··· Task input ···
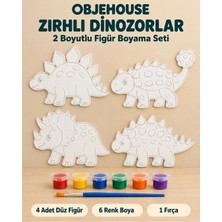 Wesank Objehouse Zırhlı Dinozorlar 2 Boyutlu Boyama Seti, 4 Figür, 6 Renk Boya, 1 Fırça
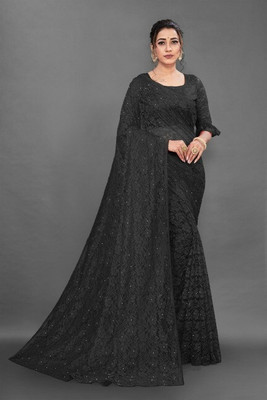 HouseOfCommon Self Design Bollywood Georgette Saree(Black)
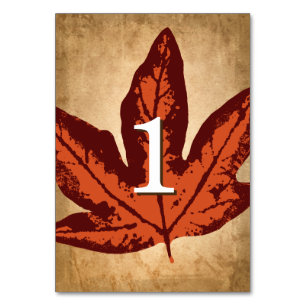 Tischkarten vom Herbst   Rustikale Hochzeiten im H Tischnummer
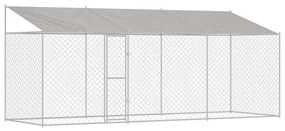 vidaXL Κλουβί σκύλου Ασημί 600 x 200 x 256 εκ. Επικαλυμμένος Χάλυβας
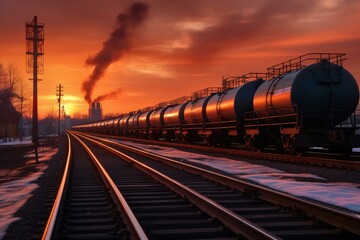 Fototapeta na wymiar Sunrise scene of rail tank cars transporting oil on the rails. Heavy industry, trade, and transport. Generative AI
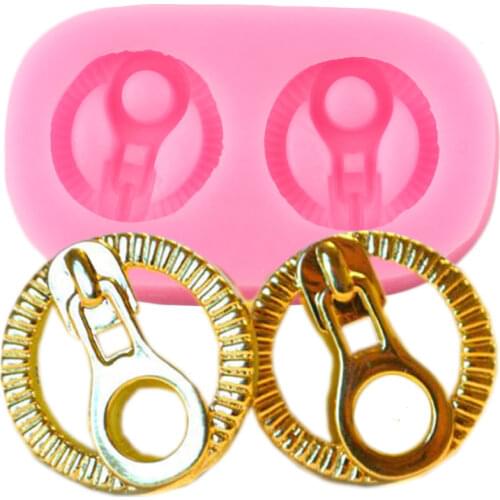 3D Faux Zipper Pulls Silicone Molds DIY Craft Jewelry Resin Mould Chocolate Candy Cupcake Topper Fondant Cake Decorating Tools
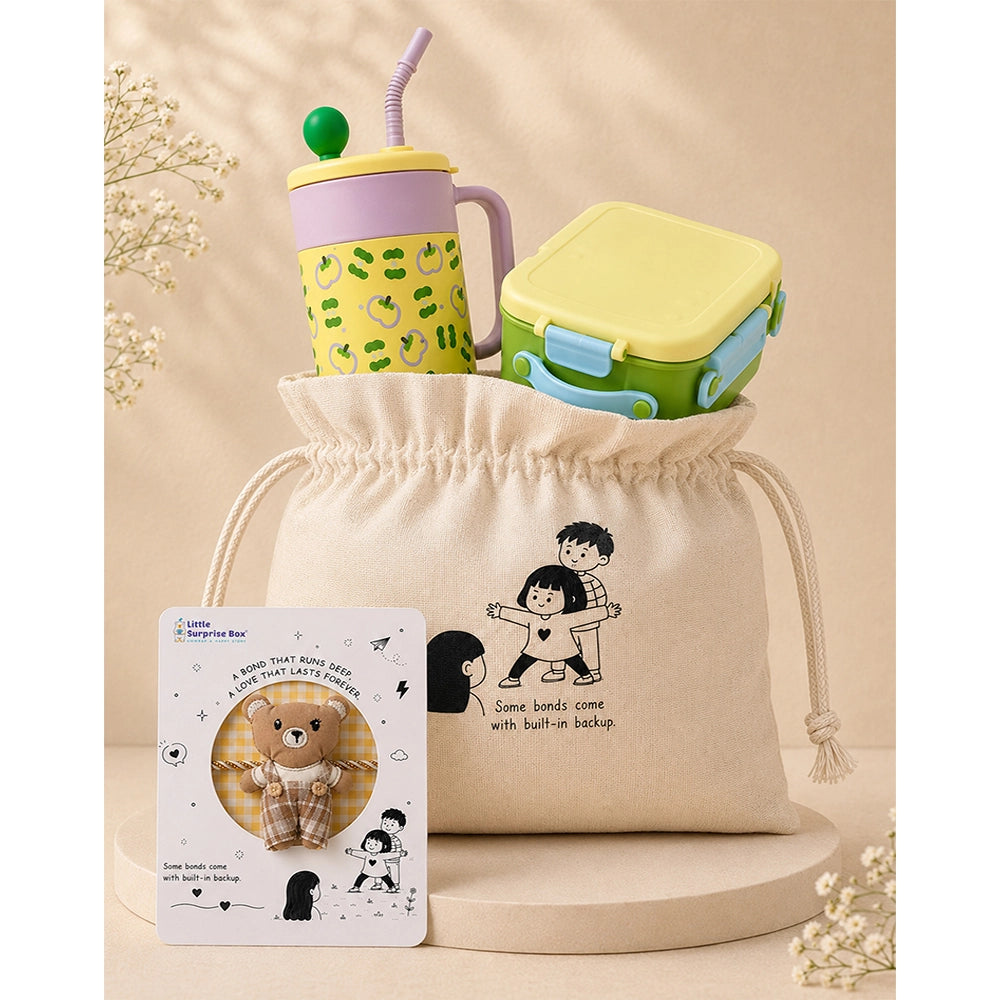 2 Pcs Green Tumbler & Bread Style Lunch Box Rakhi Gift Combo for Kids with Free Rakhi & Jute drawstring bag.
···
* **Your assignment**: The lines to return run from the line containing "vidaXL Κλουβί σκύλου" through the last line of the records. Give them exactly, omitting pictures.

* **Response to this exercise**:
 vidaXL Κλουβί σκύλου Ασημί 600 x 200 x 256 εκ. Επικαλυμμένος Χάλυβας
 Fototapeta na wymiar Sunrise scene of rail tank cars transporting oil on the rails. Heavy industry, trade, and transport. Generative AI
 3D Faux Zipper Pulls Silicone Molds DIY Craft Jewelry Resin Mould Chocolate Candy Cupcake Topper Fondant Cake Decorating Tools
 2 Pcs Green Tumbler & Bread Style Lunch Box Rakhi Gift Combo for Kids with Free Rakhi & Jute drawstring bag.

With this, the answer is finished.